Tuesday, October 6, 2009

Prepaid cards doubted for number of fees

In an article at the New York Times recently, Andrew Martin looks at the current effects prepaid cards are having on the banking industry. The industry has really expanded over the past decade, and is a way for those who can't bank in the United States, which may be up to 80 million Americans. The article points out that once many customer easily obtain these cards, they are faced with many fees that may have been written in the small print. The fees begin at activation, and continue often through every deposit and withdraw, to every customer service call and monthly feeds from the card.

Congress has yet to examine the rules and regulations with these cards, and many consumer advocate groups are calling out against the numerous fees that often go unnoticed by the consumers until they add up to great amounts of the original deposit. Many companies are beginning to pay their consumers with prepaid cards if they don't have direct deposit, which also brings up some questions as to whether this is fair for consumers. With the introduction of WalMart's MoneyCard, which follows through on low fees for the consumer, fees are falling throughout the industry.

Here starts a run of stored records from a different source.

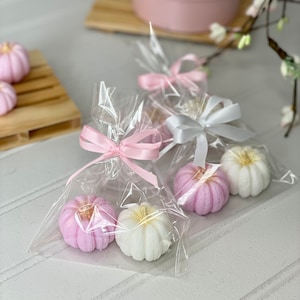 May include: Four small pumpkin-shaped candles, two white and two pink, are packaged in clear cellophane bags with pink and white ribbons. The candles have a gold glitter accent.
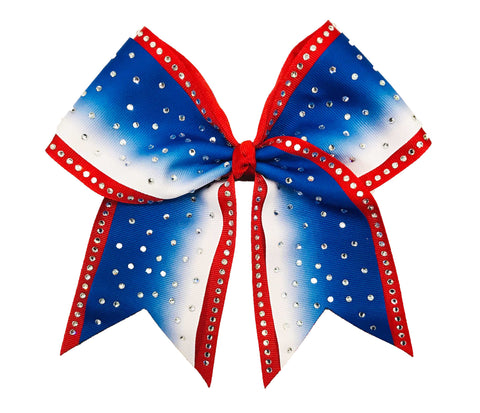 Red, white, and royal blue ombre cheer bow with silver rhinestones on a white background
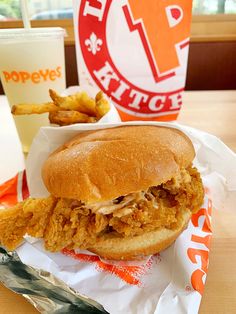 a chicken sandwich and french fries are sitting on a table next to a cup of soda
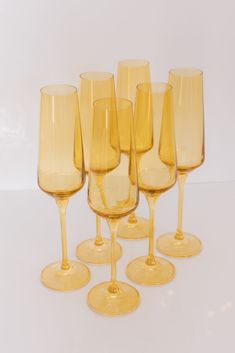 a group of yellow wine glasses sitting next to each other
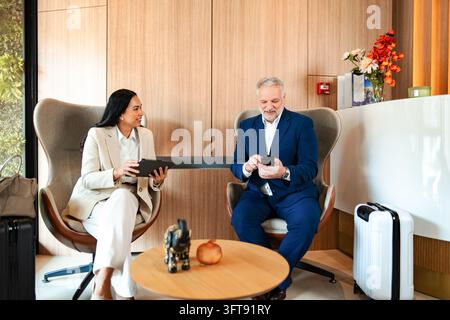 Business travelers waiting in modern hotel lobby area Stock Photo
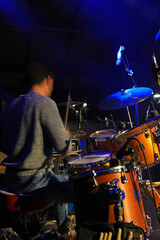 Fototapeta na wymiar músico tocando la batería en un concierto 4M0A5516-as22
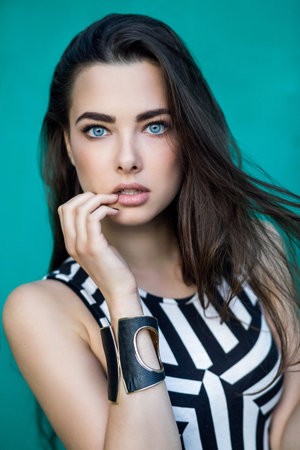 Outdoor summer portrait of young pretty cute brunette girl. Beautiful woman posing in spring.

Prepaid cards may be the only choice for some of the users, as they have no real way to open a bank account and receive their income other than to preload it on this card. It can also be used as an option for money management. But now that consumers are calling for protection from the industry, how do you think this will evolve and change the industry? I think WalMart's new card, which does reduce the number of fees, will have an effect on the industry, but it is only a matter of time before Congress looks at the cards and begins to regulate them.